In response to a question about how the Court has changed over his tenure, he noted that it is taking fewer cases. Justice Scalia said he wasn’t entirely sure why the caseload has lightened but he noted that when he first came on the Court a number of major statutes had been enacted. As he put it, “It takes twenty years or so to get the bugs out of new statutes.” Aside from the Affordable Care Act, he suggested that we haven’t had seen a lot of sweeping legislation in recent years. Another change is that the quality of argument at the Court has improved. He attributed that, in part, to the development of Supreme Court practice areas in large firms.

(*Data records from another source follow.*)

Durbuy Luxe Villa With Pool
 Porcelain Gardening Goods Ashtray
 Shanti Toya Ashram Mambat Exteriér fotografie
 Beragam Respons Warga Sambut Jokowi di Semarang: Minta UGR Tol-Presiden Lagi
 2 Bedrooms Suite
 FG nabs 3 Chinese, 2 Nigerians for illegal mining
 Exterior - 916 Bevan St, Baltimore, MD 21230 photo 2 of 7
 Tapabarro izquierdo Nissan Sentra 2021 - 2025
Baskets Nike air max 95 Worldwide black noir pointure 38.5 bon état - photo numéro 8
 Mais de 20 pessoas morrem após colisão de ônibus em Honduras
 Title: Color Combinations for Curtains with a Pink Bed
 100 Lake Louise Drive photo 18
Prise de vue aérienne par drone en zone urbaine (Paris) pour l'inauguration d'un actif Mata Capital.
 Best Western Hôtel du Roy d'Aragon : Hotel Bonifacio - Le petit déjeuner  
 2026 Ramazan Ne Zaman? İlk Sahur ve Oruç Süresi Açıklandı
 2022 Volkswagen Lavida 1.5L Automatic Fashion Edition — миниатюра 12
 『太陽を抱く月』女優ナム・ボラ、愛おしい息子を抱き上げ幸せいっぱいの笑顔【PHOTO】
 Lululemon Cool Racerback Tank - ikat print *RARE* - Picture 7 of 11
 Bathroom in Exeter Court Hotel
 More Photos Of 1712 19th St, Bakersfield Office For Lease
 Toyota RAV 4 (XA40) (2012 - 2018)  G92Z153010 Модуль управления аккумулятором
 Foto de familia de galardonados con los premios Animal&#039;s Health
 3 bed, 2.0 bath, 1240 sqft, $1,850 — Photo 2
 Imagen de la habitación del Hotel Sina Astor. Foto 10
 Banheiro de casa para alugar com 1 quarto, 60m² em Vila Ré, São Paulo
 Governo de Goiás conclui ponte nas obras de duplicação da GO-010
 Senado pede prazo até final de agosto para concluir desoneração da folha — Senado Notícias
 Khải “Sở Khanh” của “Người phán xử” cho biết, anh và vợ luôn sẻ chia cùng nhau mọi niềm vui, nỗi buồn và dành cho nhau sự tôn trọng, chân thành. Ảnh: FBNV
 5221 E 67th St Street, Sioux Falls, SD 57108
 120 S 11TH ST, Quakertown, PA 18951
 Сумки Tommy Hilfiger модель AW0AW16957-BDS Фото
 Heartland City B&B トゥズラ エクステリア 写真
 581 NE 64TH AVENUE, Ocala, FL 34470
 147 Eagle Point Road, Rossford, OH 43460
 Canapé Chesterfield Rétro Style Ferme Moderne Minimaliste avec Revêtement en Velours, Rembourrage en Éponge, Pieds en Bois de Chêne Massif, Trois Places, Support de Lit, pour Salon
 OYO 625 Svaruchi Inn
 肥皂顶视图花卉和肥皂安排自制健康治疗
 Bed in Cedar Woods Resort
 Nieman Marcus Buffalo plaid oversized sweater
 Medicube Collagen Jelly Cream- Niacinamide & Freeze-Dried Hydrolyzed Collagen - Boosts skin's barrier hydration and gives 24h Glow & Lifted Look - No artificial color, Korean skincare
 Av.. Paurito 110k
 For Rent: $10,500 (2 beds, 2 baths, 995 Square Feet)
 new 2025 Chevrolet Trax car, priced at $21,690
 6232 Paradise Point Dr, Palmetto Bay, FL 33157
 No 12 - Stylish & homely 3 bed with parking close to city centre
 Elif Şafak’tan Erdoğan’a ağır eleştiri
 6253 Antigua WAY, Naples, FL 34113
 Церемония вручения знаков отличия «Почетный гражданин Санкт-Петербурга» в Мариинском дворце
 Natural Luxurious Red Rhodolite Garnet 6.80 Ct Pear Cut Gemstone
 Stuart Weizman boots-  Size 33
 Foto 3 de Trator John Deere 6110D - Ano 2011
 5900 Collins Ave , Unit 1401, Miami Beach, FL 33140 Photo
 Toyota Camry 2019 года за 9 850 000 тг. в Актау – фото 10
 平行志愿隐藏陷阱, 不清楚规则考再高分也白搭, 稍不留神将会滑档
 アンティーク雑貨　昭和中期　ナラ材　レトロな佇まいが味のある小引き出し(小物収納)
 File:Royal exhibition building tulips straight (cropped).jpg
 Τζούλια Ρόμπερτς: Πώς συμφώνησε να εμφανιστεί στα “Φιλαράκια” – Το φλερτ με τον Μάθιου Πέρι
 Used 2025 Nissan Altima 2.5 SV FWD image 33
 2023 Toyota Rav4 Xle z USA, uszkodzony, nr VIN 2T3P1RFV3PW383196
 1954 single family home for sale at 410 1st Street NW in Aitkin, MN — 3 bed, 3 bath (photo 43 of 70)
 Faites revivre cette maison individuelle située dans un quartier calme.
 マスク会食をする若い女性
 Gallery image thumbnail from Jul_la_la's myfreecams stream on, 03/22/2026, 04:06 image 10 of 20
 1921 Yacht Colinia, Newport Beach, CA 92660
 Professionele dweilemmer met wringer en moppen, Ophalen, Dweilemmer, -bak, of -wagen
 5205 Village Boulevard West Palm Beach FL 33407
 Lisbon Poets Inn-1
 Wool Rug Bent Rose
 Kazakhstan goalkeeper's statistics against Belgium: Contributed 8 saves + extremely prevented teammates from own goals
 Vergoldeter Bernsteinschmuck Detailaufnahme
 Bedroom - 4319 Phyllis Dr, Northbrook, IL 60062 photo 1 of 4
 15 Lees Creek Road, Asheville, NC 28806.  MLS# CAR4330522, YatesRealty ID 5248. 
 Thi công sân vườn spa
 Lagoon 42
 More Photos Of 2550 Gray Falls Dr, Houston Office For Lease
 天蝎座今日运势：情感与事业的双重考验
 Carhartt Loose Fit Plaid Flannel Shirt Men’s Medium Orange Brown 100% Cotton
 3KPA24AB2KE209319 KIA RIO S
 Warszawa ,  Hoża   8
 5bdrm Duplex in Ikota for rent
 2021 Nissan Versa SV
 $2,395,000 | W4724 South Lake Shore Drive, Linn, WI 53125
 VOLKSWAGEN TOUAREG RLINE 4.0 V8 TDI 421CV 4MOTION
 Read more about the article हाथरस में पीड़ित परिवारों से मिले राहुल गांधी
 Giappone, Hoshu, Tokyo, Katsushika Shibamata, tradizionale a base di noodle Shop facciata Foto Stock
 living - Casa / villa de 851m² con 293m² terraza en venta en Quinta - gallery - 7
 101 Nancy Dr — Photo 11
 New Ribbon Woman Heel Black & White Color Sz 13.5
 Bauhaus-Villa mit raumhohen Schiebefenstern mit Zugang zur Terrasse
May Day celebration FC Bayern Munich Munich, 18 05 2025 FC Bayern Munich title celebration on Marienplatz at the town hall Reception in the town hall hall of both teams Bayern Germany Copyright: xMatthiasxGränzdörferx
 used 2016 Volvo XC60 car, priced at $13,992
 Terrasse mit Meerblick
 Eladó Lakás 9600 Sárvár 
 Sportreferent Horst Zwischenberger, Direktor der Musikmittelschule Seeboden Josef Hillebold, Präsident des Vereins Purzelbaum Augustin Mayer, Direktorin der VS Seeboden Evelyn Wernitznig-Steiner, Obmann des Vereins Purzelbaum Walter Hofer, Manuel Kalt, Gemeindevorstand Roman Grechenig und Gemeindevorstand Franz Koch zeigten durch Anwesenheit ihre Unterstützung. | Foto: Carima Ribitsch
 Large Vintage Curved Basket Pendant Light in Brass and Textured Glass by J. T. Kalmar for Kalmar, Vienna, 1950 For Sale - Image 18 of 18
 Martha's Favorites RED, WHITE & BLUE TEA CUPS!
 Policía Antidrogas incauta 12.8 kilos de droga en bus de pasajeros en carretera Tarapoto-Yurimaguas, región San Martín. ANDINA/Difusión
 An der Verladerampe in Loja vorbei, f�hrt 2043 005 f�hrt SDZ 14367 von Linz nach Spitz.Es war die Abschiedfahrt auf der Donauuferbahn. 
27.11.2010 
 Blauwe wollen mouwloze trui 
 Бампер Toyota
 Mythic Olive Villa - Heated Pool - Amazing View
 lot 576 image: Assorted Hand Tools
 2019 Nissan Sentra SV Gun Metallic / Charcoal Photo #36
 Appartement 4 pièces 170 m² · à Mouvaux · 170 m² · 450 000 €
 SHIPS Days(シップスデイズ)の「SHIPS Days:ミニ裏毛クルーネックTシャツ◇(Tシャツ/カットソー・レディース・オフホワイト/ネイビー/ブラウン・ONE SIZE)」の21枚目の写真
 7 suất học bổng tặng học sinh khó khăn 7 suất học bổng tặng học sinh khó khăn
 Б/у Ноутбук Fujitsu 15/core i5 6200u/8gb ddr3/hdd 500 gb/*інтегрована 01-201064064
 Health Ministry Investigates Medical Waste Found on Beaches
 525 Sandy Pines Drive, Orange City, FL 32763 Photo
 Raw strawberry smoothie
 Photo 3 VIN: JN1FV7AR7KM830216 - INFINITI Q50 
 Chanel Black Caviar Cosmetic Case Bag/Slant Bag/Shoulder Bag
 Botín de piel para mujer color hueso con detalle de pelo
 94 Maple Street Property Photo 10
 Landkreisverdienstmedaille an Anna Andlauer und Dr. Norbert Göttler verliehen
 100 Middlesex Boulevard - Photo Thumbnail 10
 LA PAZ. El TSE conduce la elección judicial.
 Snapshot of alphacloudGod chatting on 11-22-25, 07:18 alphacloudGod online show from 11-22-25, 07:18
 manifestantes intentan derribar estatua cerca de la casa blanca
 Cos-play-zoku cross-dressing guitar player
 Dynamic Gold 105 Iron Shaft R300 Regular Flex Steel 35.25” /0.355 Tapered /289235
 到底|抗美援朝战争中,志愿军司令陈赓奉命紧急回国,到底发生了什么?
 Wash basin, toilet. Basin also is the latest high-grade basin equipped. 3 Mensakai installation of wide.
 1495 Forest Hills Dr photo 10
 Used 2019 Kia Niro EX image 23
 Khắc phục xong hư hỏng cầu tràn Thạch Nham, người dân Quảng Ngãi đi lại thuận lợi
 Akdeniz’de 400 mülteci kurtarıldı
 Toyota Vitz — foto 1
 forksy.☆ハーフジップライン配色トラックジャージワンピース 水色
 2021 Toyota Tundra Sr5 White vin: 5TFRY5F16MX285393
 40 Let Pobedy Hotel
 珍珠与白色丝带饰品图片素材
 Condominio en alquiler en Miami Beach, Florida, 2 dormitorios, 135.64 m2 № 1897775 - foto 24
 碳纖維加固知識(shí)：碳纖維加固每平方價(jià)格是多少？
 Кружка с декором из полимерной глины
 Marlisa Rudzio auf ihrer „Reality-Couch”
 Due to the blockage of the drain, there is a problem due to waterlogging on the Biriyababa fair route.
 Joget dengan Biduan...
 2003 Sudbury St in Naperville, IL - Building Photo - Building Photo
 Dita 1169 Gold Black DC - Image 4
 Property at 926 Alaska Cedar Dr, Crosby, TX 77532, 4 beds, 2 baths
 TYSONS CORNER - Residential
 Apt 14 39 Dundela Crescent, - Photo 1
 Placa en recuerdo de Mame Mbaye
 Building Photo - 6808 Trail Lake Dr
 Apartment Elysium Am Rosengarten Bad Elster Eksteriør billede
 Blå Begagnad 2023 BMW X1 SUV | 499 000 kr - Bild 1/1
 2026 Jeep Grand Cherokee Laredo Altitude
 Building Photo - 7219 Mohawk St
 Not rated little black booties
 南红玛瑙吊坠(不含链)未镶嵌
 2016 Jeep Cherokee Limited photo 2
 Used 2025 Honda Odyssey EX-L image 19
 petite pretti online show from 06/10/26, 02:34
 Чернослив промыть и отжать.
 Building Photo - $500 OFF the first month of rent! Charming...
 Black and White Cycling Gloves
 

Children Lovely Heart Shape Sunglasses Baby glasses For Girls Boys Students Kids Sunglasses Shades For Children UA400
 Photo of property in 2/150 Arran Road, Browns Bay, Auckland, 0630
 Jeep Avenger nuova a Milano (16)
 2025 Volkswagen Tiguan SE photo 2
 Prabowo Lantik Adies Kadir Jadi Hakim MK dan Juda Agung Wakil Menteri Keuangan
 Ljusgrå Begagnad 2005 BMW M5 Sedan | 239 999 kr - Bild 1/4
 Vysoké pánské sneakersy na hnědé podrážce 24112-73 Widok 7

On why he dissents, Justice Scalia explained, “I’m not going to lie.” He said that in order to join an opinion, he has to agree with everything in it. He noted that some of his colleagues take a more permissive view, reasoning that you shouldn’t dissent unless the point of disagreement is major. But as Justice Scalia explained, “You should hold me accountable not just for my opinions, but for the ones I’ve joined as well.”
I asked him whether he thinks about a legacy. He said he doesn’t. At the end of the day, he explained, “I’m either going to heaven or to hell,” and I just try to do the right thing in everything that comes before me.
Since I had a group of senior judges with me, I asked him about whether his judicial philosophy has changed, and if so, what influenced that. His response was short and sweet, basically: I don’t think I’ve changed all that much.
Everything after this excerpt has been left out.